The current generation of query engines (e.g., SQL, Oracle, etc.) facilitate system-provided functions such as summation, count, average, sine, cosine and/or aggregation functions. Additionally, the current generation of query engines facilitate general purpose analytic computation into a query pipeline that enable a degree of user customization. Such customized general purpose analytic computation may be realized by way of user defined functions (UDFs) that extend the functionality of a database server. In some examples, a UDF adds computational functionality (e.g., applied mathematics, conversion, etc.) that can be evaluated in query processing statements (e.g., SQL statements).
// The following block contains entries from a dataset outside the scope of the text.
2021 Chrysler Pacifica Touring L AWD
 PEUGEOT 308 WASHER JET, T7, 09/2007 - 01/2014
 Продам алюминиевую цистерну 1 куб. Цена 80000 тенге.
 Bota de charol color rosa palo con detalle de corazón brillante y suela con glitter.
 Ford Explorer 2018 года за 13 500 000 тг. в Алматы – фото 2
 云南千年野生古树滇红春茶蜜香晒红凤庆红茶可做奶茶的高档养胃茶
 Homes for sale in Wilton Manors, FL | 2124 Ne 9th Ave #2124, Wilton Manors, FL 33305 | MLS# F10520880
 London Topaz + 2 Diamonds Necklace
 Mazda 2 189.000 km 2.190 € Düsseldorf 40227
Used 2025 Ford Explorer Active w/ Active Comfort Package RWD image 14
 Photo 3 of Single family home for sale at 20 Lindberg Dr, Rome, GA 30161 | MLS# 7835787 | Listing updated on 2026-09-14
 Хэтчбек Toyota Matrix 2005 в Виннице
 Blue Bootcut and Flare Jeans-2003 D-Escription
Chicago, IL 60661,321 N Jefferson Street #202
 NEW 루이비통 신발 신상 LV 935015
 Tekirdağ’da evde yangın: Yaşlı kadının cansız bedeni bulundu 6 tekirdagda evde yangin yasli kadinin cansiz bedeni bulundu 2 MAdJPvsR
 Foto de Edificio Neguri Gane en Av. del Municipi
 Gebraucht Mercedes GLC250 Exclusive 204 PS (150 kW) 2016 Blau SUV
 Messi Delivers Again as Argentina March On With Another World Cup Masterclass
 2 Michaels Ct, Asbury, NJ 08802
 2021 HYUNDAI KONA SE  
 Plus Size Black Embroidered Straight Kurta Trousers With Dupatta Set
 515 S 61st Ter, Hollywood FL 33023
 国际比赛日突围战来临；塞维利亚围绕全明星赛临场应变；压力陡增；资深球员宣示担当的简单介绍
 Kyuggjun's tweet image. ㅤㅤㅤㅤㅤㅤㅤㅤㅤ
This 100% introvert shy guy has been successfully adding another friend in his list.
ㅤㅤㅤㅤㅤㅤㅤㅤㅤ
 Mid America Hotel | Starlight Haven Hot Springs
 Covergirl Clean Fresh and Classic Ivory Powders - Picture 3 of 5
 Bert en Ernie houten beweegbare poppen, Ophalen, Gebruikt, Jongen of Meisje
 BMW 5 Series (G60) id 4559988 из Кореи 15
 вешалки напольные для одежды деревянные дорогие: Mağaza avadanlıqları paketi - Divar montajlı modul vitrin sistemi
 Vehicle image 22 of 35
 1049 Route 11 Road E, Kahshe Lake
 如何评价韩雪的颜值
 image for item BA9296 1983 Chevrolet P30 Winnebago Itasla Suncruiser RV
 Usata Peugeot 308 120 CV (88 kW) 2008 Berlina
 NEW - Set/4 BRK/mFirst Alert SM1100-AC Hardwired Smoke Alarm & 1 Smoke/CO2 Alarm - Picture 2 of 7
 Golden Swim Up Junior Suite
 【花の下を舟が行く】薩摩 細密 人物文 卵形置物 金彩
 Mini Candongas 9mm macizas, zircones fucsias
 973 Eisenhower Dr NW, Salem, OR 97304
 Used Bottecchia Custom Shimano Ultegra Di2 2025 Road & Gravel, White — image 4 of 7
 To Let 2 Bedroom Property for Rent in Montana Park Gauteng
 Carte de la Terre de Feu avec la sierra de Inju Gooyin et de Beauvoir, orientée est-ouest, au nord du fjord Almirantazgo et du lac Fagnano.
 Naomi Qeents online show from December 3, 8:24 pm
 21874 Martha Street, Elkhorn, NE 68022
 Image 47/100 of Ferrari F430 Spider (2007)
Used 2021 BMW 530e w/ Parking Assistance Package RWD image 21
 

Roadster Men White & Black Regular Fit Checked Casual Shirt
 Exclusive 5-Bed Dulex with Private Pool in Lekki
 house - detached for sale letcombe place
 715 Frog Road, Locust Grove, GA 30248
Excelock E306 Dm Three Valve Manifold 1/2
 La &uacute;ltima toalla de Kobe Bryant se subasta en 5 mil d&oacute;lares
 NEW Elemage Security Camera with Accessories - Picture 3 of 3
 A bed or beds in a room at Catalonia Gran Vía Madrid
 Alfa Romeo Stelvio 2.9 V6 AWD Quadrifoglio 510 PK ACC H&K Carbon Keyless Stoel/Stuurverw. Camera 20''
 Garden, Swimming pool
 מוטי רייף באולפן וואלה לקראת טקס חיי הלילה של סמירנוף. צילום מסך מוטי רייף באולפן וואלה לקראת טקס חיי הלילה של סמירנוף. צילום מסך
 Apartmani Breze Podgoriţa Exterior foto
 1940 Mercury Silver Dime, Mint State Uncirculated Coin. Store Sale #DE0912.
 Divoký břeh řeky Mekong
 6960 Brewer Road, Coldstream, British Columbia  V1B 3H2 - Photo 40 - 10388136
For instance, a UDF may be applied to a data table of temperatures having units of degrees Celsius so that each corresponding value is converted to degrees Fahrenheit.
One or more queries performed by the query engine operate on one or more tables, which may contain multiple input tuples (e.g., rows) in which each tuple may include one or more attributes (e.g., columns). For example, an employee table may include multiple input tables representative of individual employees, and attributes for each tuple may include an employee first name, a last name, a salary, a social security number, an age, a work address, etc. An example query on the table occurs in a tuple-by-tuple manner. For example, a query initiating a UDF to identify a quantity of employees older than a target age, employs a scalar aggregation function (a scalar UDF) tests each tuple for the target age, allocates a buffer to maintain a memory state of all input tuples that participate in the query, and increments and/or otherwise adjusts the buffer state value when the target age for an evaluated tuple matches the target age threshold. The resulting output from this query is a single output tuple, such as an integer value of the quantity of employees identified in the table that, for example, exceed a target threshold age of 35. During the tuple-by-tuple scalar aggregation UDF, the buffer is maintained and incremented until the full set of the input tuples of the query have been processed. Analysis of the complete set of input tuples may be determined via an advancing pointer associated with the input tuple buffer. In other words, for a scalar function, one input (e.g., x and y) generates one output on the input tuples buffered in, for example, a sliding window.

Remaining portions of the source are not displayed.